An Analytical Tool to Study the Barcoding Gap

MindTheGap is a simple tool in java to study the barcode gap (Hebert et al., 2003; Hebert et al., 2004; Meyer and Paulay, 2005). The idea behind this tool is to target the gap itself. Instead of studying the distribution of the between-individuals distances in the dataset, MindTheGap finds the first gap based on a user-provided minimum length and returns the distribution of that gap on bins of a user-provided size.

You can download a preliminary version from here.  It has been tested only in a Windows environment (XP and 7), but it should work independently of the operational system.

How it Works

The infile is a comma-delimited matrix of genetic (or any other kind of) distances like the one you can easily obtain from MEGA (Tamura et al., 2011) for example. Once you open the file, the number of individuals and comparisons should be indicated. The tool removes missing (any non-numeric) data from the analysis. Once you select the starting point of analysis (you may prefer to start analyzing above a certain threshold if your coverage of the diversity is low to avoid false positives), the minimum size of the gap to be considered and the bin size.

MindTheGap searches within the distances belonging to each individual for the first gap equal or larger than the minimum established, and when found, returns the extension of the gap in bin-size increments.

Once you have run it, the ROOT name for the outfiles has to be provided.

The Output Files

The output files from MTG include:

a) Four files: ROOT_SUMMARY.txt: this file describes the infile name, the number of individuals included, and the values for a starting point, minimum gap size and bin size. Furthermore, it indicates the name of the other four files and a brief description of what they include. ROOT1.txt includes the distribution of the gap for each individual, as a comma-delimited table. ROOT2.txt provides the minimum, the maximum, the average, and the extension of the gap. Finally, ROOT3.txt will recover those individuals that showed no gap under the established conditions (if all showed the gap, the file would indicate “NONE”). Our idea with these outfiles was to provide outfiles that were easy-to-adapt to any other software (for example, excel and equivalents, MATLAB or R) to continue your analysis.
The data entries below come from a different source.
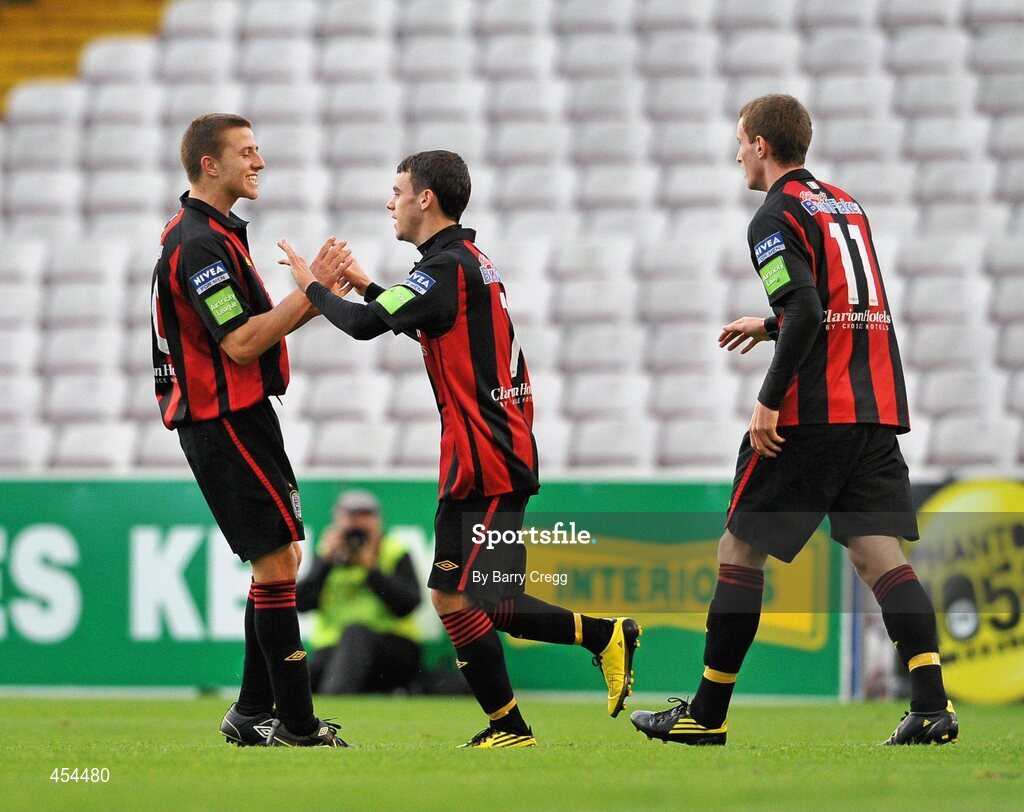 24 August 2010; Gary Burke, Bohemians A, celebrates scoring his side's first goal with team-mates Keith Buckley, left, and Lee Dixon. Newstalk Cup Final, Bohemians A v Sporting Fingal A, Dalymount Park, Dublin. Picture credit: Barry Cregg / SPORTSFILE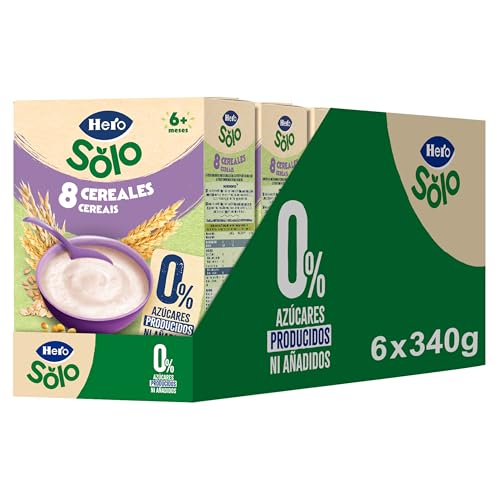Hero Baby - Papilla de 8 Cereales sin Azúcares Añadidos, para Bebés a Partir de los 6 Meses - Pack de 6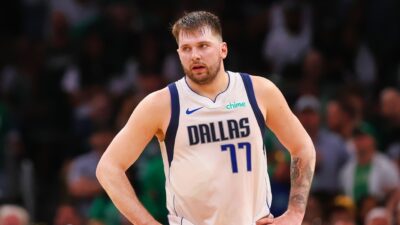 Luka Doncic of the Dallas Mavericks looks on during the third quarter against the Boston Celtics in Game Two of the 2024 NBA Finals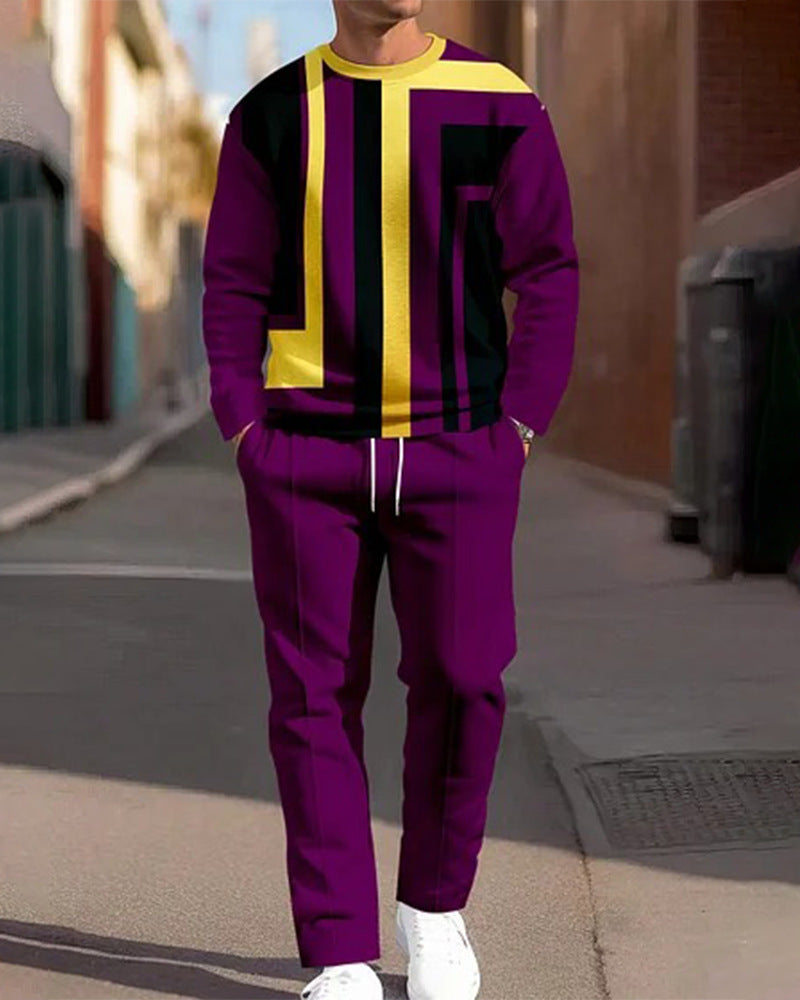 Fashion Men's Casual Sporty Round Neck Sweatshirt And Pants Two-piece Set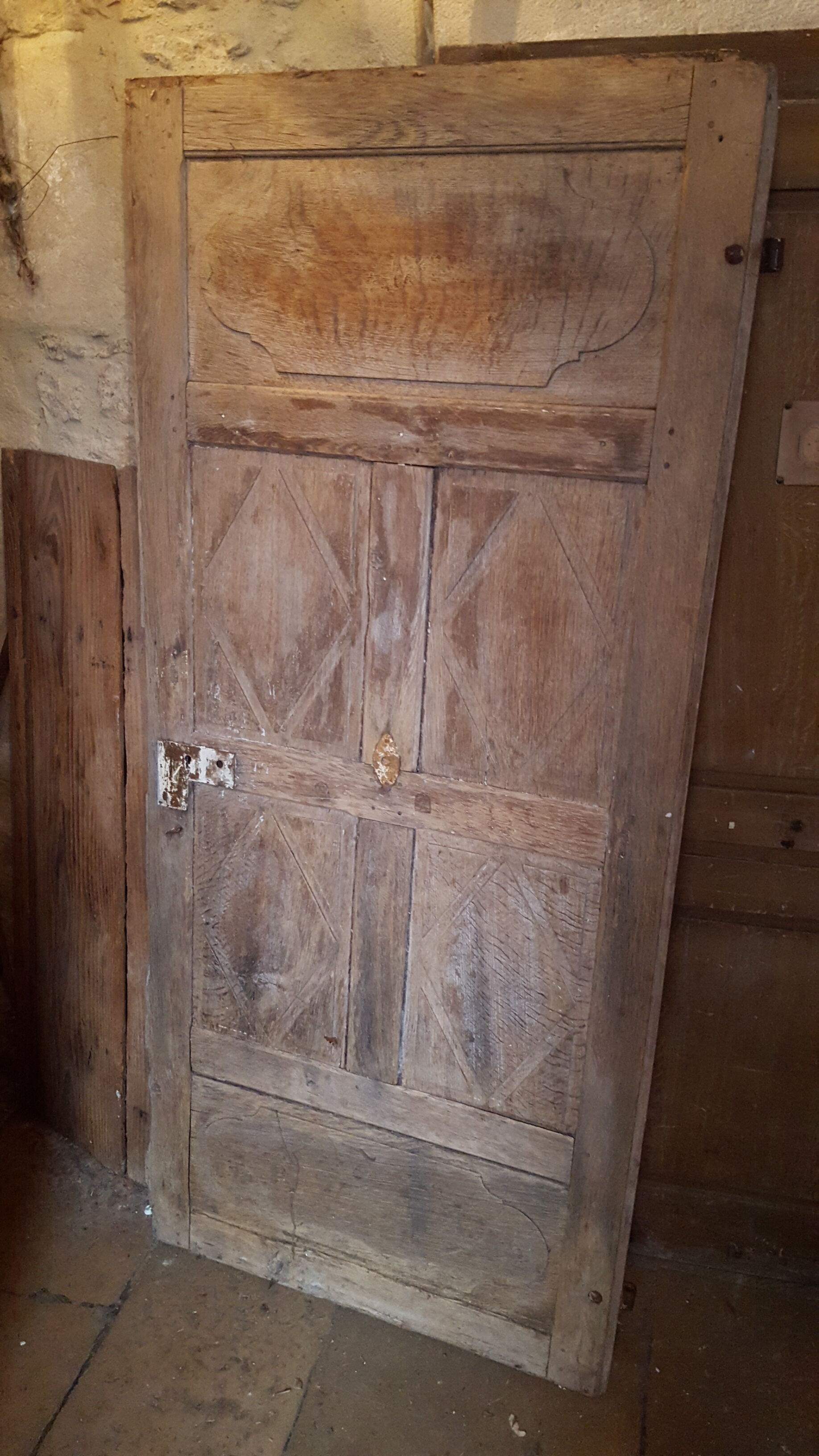 Old door eighteenth coffered fittings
b) We are working on the graphical side of the project. We hope we will be able to include them in the next version.

Disclaimer

This tool is provided “as is”, for use in Research and Education. This program is free software: you can redistribute it and/or modify it under the terms of the GNU General Public License as published by the Free Software Foundation, either version 3 of the License, or (at your option) any later version. This program is distributed in the hope that it will be useful, but without any warranty; without even the implied warranty of merchantability or fitness for a particular purpose.  See the GNU General Public License for more details.

References

  • Hebert, P. D., Cywinska, A., Ball, S. L. and Dewaard, J. R. (2003) Biological identifications through DNA barcodes. Proc. R. Soc. B: Biol. Sci., 270, 313 - 321.
  • Hebert, P. D., Stoeckle, M. Y., Zemlak, T. S. and Francis, C. M. (2004) Identification of birds through DNA barcodes. PLoS Biol., 2, E312.
  • Meyer, C. P. and Paulay, G. (2005) DNA Barcoding: error rates based on comprehensive sampling. PLoS Biol., 3, e422.
  • Tamura, K., Peterson, D., Peterson, N., Stecher, G., Nei, M., Kumar, S., 2011. MEGA5: Molecular Evolutionary Genetics Analysis using maximum likelihood, evolutionary distance, and maximum parsimony methods. Mol. Biol. Evol. 28, 2731-2739.